This is hard to parse. It appears to say that stat control must be
provided out of band. And yet it also says it is possible for it to
be in band.
---
Section 3.5
The following Benchmarks MAY be assessed on a per-flow basis
using at least 16 flows spread over the routing table (more
flows is better).
Isn't this SHOULD?
Comment (2010-06-16) 
I am not sure that RFC2119 language is appropriate here
Figures 1 through 5 show models that MAY be used when benchmarking
Sub-IP Protection mechanisms, which MUST use a Protection Switching
System that consists of a minimum of two Protection-Switching Nodes,
an Ingress Node known as the Headend Node and an Egress Node known
as the Merge Node.
Ideally the RFC2119 definition should appear before first use in the document
The Protection Switching System MUST include
either a Primary Path and Backup Path, as shown in Figures 1 through
4, or a Primary Node and Standby Node, as shown in Figure 5.
I am not a mathematician, can an equation have a pluarity of sub-equations, or
is a different mathematical construct needed?

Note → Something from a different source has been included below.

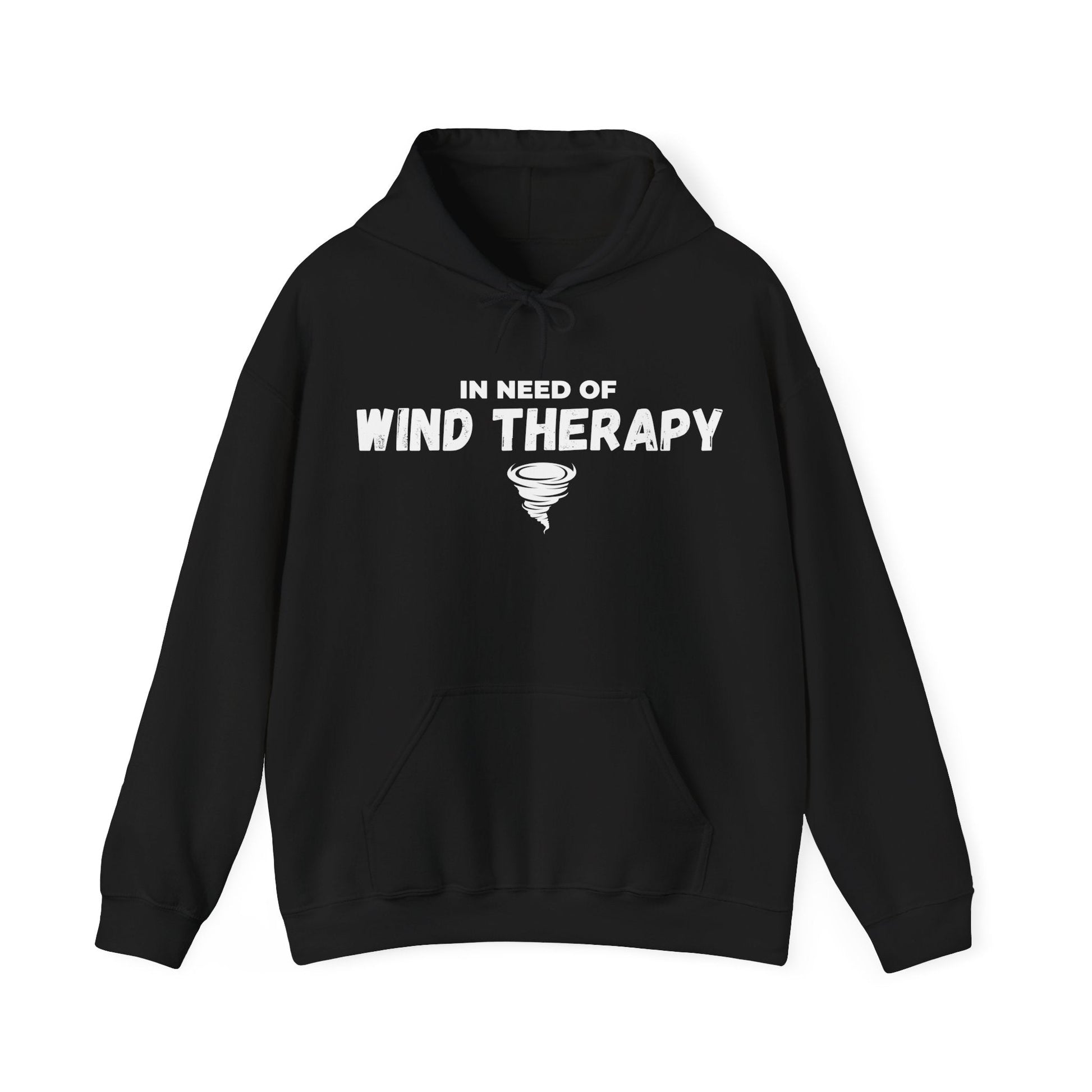 Storm Chaser Hooded Sweatshirt with "In Need of Wind Therapy" quote and tornado design.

TBLM as shown in Equation 2:
(Equation 2)
(Equation 2a)
TBLM Failover Time = Time(Failover) - Time(Failover Event)
(Equation 2b)
TBLM Reversion Time = Time(Reversion) - Time(Restoration)
Same with Eq3
Comment (2010-06-17) 
It looks to me that 'Benchmarking Terminology for Performance of sub-IP layer
Protection Mechanisms' would be a more apropriate name for this document.
Comment (2010-06-14) 
> Benchmarking Terminology
> for Protection Performance
As stated in the abstract, Section 3.5 actually defines some tests.
The title should reflect that this document is not only defining
terminology.
Section 3.1., paragraph 4:
> b. Ri is a node which forwards data frames to R[i+1] over Link
> Li[i+1] for all i, 1<i<n, based on information in the sub-IP
> layer.
Since R1/L12 are defined in (a) and (c) defines Rn, you probably want
to change 1<i<n to 1<i<n-1, so that Rn isn't defined twice. (And then
you need to define L(n-1)n in (c)).
(I also wonder why you define these sets of links and nodes when they
aren't used anymore in the remainder of the document.)
Comment (2010-06-15) 
I suspect this is clear enough for its intended audience, but a more detailed
description of the calculations in 3.6.1 and 3.6.3 would help novice readers.
I couldn't quite sort out the equations. For example in 3.6.3 (TBM), are the
following interpretations correct?
(1) Time(Failover) = Timestamp on first unimpaired packet received at egress
node after the backup path became the working
(2) Time(Failover Event) = Timestamp on the last unimpaired packet received at
egress node on the primary path before failure
I was unable to construct similar statements for the TBLM in 3.6.1 at all.
Nits:
in section 3.1.1, there is a confusing mixture of notation, using parentheses
and brackets interchangeably. The definition of path uses parentheses, as in
"L(n-1)n", but the description of node in subitem b. uses brackets, as in
"Li[i+1]".
In 3.6.3 under discussion, the comma following "observation of unimpaired
packets" should be a period.